Mission to India is a personal story but it has larger dimensions, too. It is a valuable study of three seminal issues that are central to international relations today: cross-border intervention, big state-small state interaction, and the proliferation of ethnic nationalisms. All observers of international relations will do well to read it. They will find a lot that is instructive and informative. So much so that it is to be hoped Kalpage will quickly publish the record of his mission to the United Nations.

These reminiscences are of course, focused on events of six or seven years ago. Nonetheless, they send signals with contemporary messages. Some of them are alarming. M.K. Karunanidhi as Chief Minister of Tamil Nadu in those days did everything he could to assist separatism in Sri Lanka - and he blatantly lied to Kalpage and others about it.

Now, he is back in office and it is difficult to believe that his designs have changed. With weak governments in Delhi unable to exert much control over the states, what does this portend for Sri Lanka?
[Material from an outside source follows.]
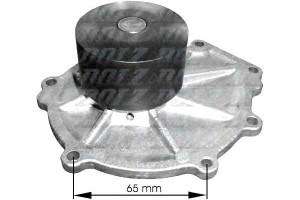 Pompa Wody Rover Dolz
Indeed, Kalpage's book further reminds us that the last of a passing generation now holds power in India, Lanka's links with their successors are not at all close. Can we expect them to be more benign than their forbears? We desperately need to build bridges and engender fresh bases of friendship within the Indian polity. Unless we do so, there could be a heavy price to pay in terms of this country's integrity and unity.

Stanley Kalpage moved on to become Sri Lanka's outstanding representative to the United Nations and thereafter to be a leading analyst of world politics. But the problems and issues with which he grappled remain. It is much to his credit that they were contained and that confrontation moved towards co-operation between 1989-91.

But the pendulum can easily swing back and there won't always be a Kalpage to counsel restraint and handle matters so well. That is why all those concerned with regional and more distant foreign policy should read this book.

For better or worse, we are geopolitically married to India, and the insights it provides is one of the few innoculations we have against repeating the uneasy passages of the past.